Last night I began laying out the detailed painting guides on “Black Pillar”. This is the bottom roundel on that pillar, a meditation on the number 8, and as you can see, it’s a pair of nested eight pointed stars (one is actually composed of two inter-locking squares) inside an octagon. It’s a considerable change in geometry from 2, and 3, deceptively simple and yet relying on what one learned from the earlier shapes and geometries. It’s an unfolding, of sorts, as larger numbers reveal much more complex patterns and allow greater interactions and relationships.

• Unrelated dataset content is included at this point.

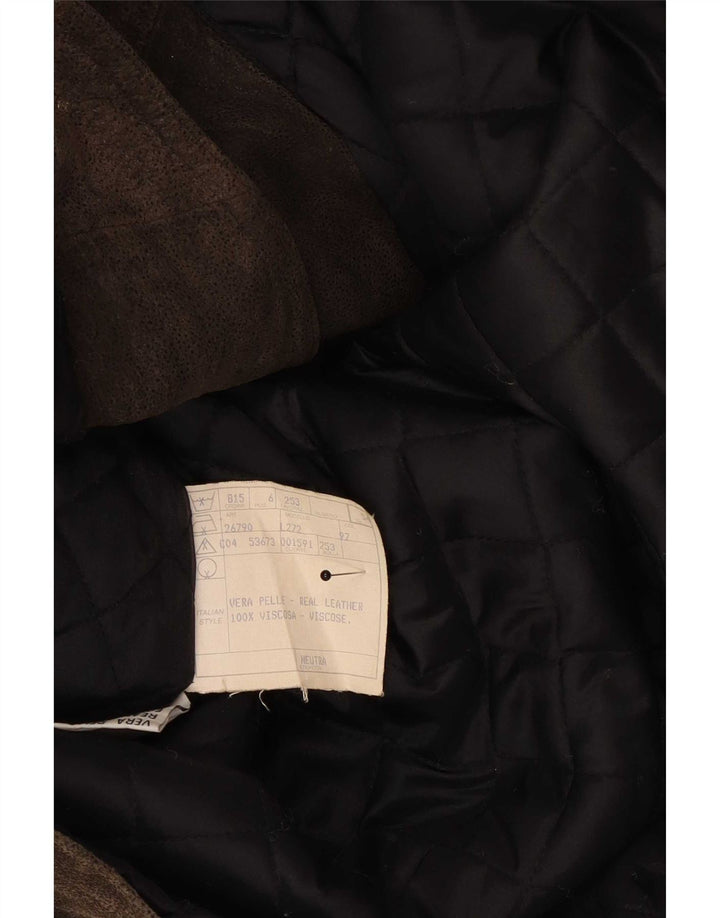 Jachetă vintage pentru bărbați din piele intoarsa IT 54 2XL din piele maro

What does this have to do with tai chi?

Well, daily practice is an unfolding, of sorts. The natural habit of our minds and bodies is to ossify and tighten up, to reject new things, and to limit the adoption of new concepts or new technologies. I’m neither a painter nor a math teacher, nor a martial artist (once upon a time, I wouldn’t have said I was a magician either, but that title is growing on me).

In any case, what’s going on here is an unfolding. The creaks in my body rarely trouble me past the first two or three movements — I’m not reversing the aging of my body, but I’m slowing it down. Many of the creaks and pops that were ever present when I started, are gone.

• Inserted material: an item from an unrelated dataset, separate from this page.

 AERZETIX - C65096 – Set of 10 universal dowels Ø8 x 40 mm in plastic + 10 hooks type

Unfolding, in this instance, means breaking out of the shell. Letting the egg hatch. Pinocchio becoming a real, live boy. It’s growing up, in a sense. It’s growing out, in another sense. It’s delving deep, or reaching high… Some Christians use the prayer of Jabez, “O God, increase my territory.” And others remember the prophet Isaiah (I think it’s Isaiah), “enlarge the place of your tents, strengthen your cords, lengthen the stakes in the ground.”

A tent is useful only in potential when it’s stored in the bag. A human too tight in his skin is only partially useful. Or strong. Or happy. Or healthy.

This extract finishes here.